People often use the terms Image Resolution and Pixel Resolution synonymously but there is a distinction.

Image Resolution is a way of quantifying how much detail has been captured in an image and is affected by such things as the resolving power of the lens and the quality of the image sensor. Image resolution is often expressed in lines or line pairs per millimetre.

Pixel Resolution on the other hand is a simple measure of the density of pixels in an image, usually expressed as a number of Pixels Per Inch (PPI) . Pixels Per Inch can confuse people because a 1 X 1 inch Image with a pixel resolution of 100 PPI actually contains a total of 10,000 pixels. 100 PPI really means 100 X 100 pixels per square inch..

The more pixels per square inch an image has the greater the potential for higher output quality.

Where more pixels means more quality.

These 4 little graphics are all the same size but they have different pixel resolutions. The first image is 100 Pixels Per Inch (PPI), the 2nd is 50 PPI, the 3rd from 25 PPI and the last one has a resolution of just 10 PPI.

An Ideal output resolution for printing

When printing, output resolution is expressed as the physical print size at a given pixel resolution.
For example: 20 x 40 inches at 300 PPI.

There is no single correct output resolution, and it depends to some extent upon the device you are outputting to. Not long ago 180 PPI was considered all you needed to sharply render a digital image in print.
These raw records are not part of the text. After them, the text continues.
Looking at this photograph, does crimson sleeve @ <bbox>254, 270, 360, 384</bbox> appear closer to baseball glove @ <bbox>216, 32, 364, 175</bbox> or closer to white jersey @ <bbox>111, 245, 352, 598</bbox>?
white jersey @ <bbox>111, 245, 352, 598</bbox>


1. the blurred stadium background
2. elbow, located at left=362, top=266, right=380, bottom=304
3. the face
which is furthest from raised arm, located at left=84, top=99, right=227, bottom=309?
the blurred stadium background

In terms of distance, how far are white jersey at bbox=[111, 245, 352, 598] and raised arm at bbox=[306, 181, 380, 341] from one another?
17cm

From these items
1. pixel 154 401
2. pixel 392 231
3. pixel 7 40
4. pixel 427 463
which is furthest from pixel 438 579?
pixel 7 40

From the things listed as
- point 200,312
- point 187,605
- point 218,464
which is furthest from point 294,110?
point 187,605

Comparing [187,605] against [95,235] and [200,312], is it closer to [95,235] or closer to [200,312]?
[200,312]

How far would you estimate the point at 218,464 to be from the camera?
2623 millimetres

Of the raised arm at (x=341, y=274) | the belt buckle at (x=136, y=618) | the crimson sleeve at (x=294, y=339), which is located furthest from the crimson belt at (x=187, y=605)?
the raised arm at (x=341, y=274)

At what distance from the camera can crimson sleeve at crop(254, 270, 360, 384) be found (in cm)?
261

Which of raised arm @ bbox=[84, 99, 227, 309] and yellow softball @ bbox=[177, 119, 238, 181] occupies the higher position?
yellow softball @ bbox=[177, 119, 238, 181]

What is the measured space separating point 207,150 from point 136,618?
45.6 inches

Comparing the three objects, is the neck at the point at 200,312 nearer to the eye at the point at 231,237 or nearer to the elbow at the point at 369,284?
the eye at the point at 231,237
As technology has improved and printers have become capable of showing more and more detail, it's been established that some printers can resolve more detail than this.

For really high quality printing the ideal output resolution is now considered to be 300 PPI. At this level you can expect to get an excellent, faithful print (assuming your printer knows what they are doing).
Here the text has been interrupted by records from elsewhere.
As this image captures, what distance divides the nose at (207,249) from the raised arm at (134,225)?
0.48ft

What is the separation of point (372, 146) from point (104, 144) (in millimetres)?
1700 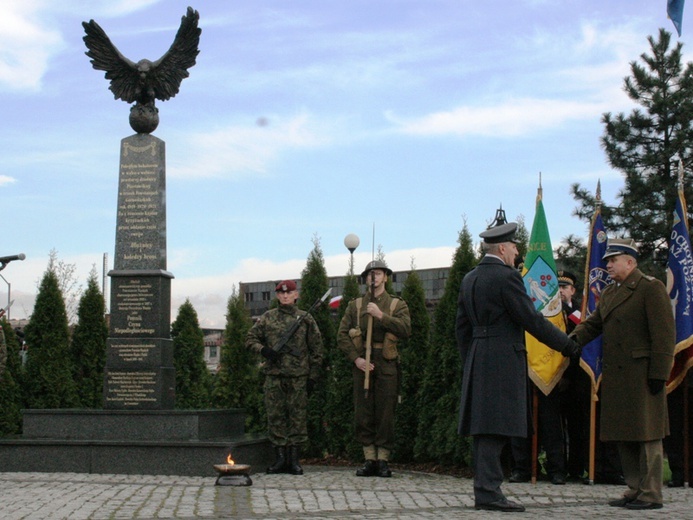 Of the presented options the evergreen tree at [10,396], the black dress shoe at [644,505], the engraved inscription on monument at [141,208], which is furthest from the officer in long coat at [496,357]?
the evergreen tree at [10,396]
At Finer Image, our printing process is capable of revealing yet more detail an we quote an ideal pixel resolution 360 PPI. This level of detail is beyond what the naked eye can see so we are talking razor sharp reproduction!

Up scaling Images

Having just read the last paragraph you may be tempted to scale all your images to 360 PPI. If you are downscaling to get to 360 PPI (i.e. you have pixels to spare), this would be a good strategy. On the other hand if you want to print big and you don't seem to have enough pixels to play with don't go crazy up scaling!

Having conducted extensive testing we recommend that if your image has less than 180 PPI resolution, it is worth carefully up scaling it to this point but not beyond. You will only succeed is increasing the amount of artifacts (noise) in your image beyond that point.

For images that don't contain a lot of fine detail you can get amazing results below 180 PPI.

Bigger Prints need less PPI

As the size of the print increases so does the comfortable viewing distance. For this reason you don't need as many Pixels Per Inch. A 40 X 30 inch print can look fantastic with a pixel resolution around 100 PPI.